**Exercise goal**
Look through the material below and return every line that contains "Ring".

**Material to process**
***

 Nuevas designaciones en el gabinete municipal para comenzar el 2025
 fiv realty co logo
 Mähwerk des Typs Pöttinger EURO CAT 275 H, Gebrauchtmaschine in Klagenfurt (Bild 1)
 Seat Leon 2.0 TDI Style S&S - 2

***

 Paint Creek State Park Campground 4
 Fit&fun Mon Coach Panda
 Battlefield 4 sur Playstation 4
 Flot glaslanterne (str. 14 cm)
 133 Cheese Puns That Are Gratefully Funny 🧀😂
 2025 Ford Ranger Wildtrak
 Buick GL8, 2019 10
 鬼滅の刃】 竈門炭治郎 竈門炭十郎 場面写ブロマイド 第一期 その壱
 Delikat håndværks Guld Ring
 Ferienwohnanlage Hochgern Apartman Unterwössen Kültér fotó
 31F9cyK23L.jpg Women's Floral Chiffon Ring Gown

***

**Response to the task**
 Delikat håndværks Guld Ring
 31F9cyK23L.jpg Women's Floral Chiffon Ring Gown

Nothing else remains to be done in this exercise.